Num cenário desses, mais do que nunca os times de lá não aparecem exatamente como grandes potências internacionais. E evidentemente passam longe de competirem com os mais ricos. Mas ainda assim contratam muito. Sul-americanos em especial, a ponto de terem mais jogadores do que podem utilizar. E então emprestam essas “sobras” aos clubes brasileiros, que, cada vez mais, duelam por elas.
Primeiro foi Elias, que o Flamengo utilizou em 2013 e tentou contratar de vez no começo do ano. Não chegou a um acordo com o Sporting e anunciou sua desistência. Então o Corinthians entrou na parada de vez e os rubro-negros voltaram às conversas com os dirigentes do clube de Lisboa. Um quase leilão foi estabelecido e os corintianos ficaram com o atleta. Detalhe: pagando € 500 mil a mais do que receberam quando o venderam, três anos antes. Negócio estranho, não?
Agora é Alan Kardec, que o Benfica contratou ao Vasco e já emprestou ao Santos e ao Palmeiras. No time alviverde virou destaque. E motivo de duelo com o São Paulo, que está levando o atacante para o Morumbi. Um atleta que se valorizou por conta de uma especulação sobre sua convocação para a seleção da CBF, que ainda não aconteceu desde então. Um bom jogador, de fato, mas superestimado no momento.
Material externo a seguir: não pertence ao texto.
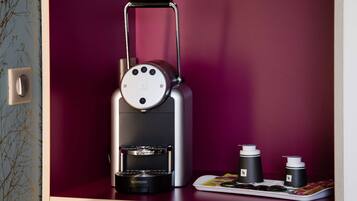 Una máquina de café Nespresso con un asa extraíble, una bandeja con cápsulas de café y dos cápsulas Nespresso sobre una superficie de madera.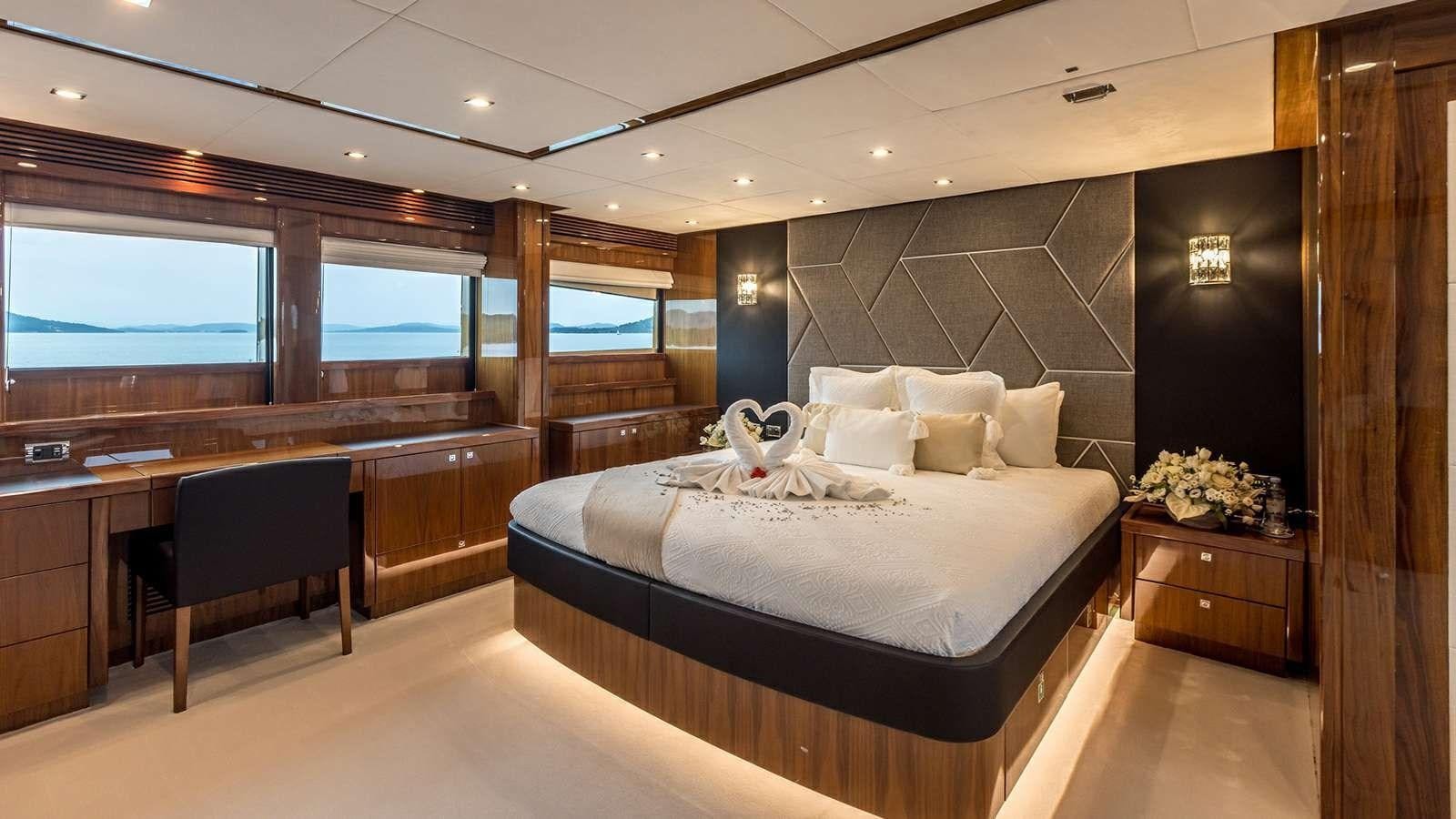 a large bedroom with a large bed aboard KATARIINA I Yacht for Sale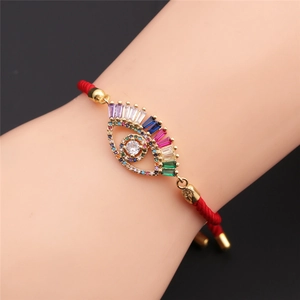 Close-up of red braided evil eye bracelet with colorful zircons and gold plating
Como Elias, Kardec encontra no combalido futebol brasileiro uma valorização mais do que exagerada. Sem mercado na Europa, ambos reinam por aqui como se fossem as últimas bolachas (ou biscoitos) do pacote. Talvez até sejam. O fato é que esse cenário merece pelo menos uma reflexão. Eles valem tanto? Por que lá fora não dão a mínima para ambos e aqui há toda essa loucura por esses jogadores, que de fato se destacam no Brasil?
No caso de Alan Kardec, vale ressaltar que suas boas atuações e gols de 2013 para cá aconteceram em massacrante maioria em competições menores. Metade dos 28 tentos foram feitos na Série B. Outros 9 no Campeonato Paulista com a camisa do Palmeiras. Três na segundona portuguesa pelo Benfica B e apenas um na Taça da Liga a versão lusa da Copa do Brasil (veja o quadro acima).
Em primeira divisão, independentemente do país, um gol, contra o Criciúma, na primeira rodada deste ano. O site Futdados detalha isso tudo — clique aqui e confira os números dele e de outros jogadores, como Hernane “Brocador”, Jô, Alexandre Pato, Fred, Leandro Damião, Diego Tardelli e Luís Fabiano.
Kardec marcou em clássicos, um contra cada rival paulista, Santos, Corinthians e São Paulo, para onde se encaminha. Mas teve a maioria dos seus bons momentos diante de times menores (veja o quadro à esquerda). É um jogador que tem atuado bem, de fato, mas ainda não teve sequer a chance de provar, desde seu retorno ao Brasil, que vale tanto assim. E apenas como curiosidade, no Benfica se destaca Lima, centroavante que passou pelo Santos em 2008 após perambular por Paysandu, Iraty, J. Malucelli, Paraná e Juventus. Ainda defendeu o Avaí antes de se aventurar por Belenenses, Braga e chegar ao campeão português.
Walter é outro que foi desejado por muitos times brasileiros na virada de 2013 para 2014. O robusto centroavante, que não gostou de ficar fora da vitória do Fluminense sobre o Palmeiras por 1 a 0, já foi emprestado a Cruzeiro e Goiás pelo Porto, desde que o clube português o contratou ao Internacional, em 2010. Mesmo tendo se saído bem no ano passado, os portistas não se interessaram por seu retorno, repassando-o aos tricolores até o final do ano que vem.
É claro que não existe uma lógica nisso. Há quem tenha mais sorte aqui ou ali, se adapte melhor e mais rapidamente, quem tenha maiores chances ou não caia nas graças do técnico. Mas todas essas informações servem para cada um de nós parar e pensar: jogadores que times de Portugal não querem ver por lá são disputados a tapa pelos grandes do Brasil. Isso é normal?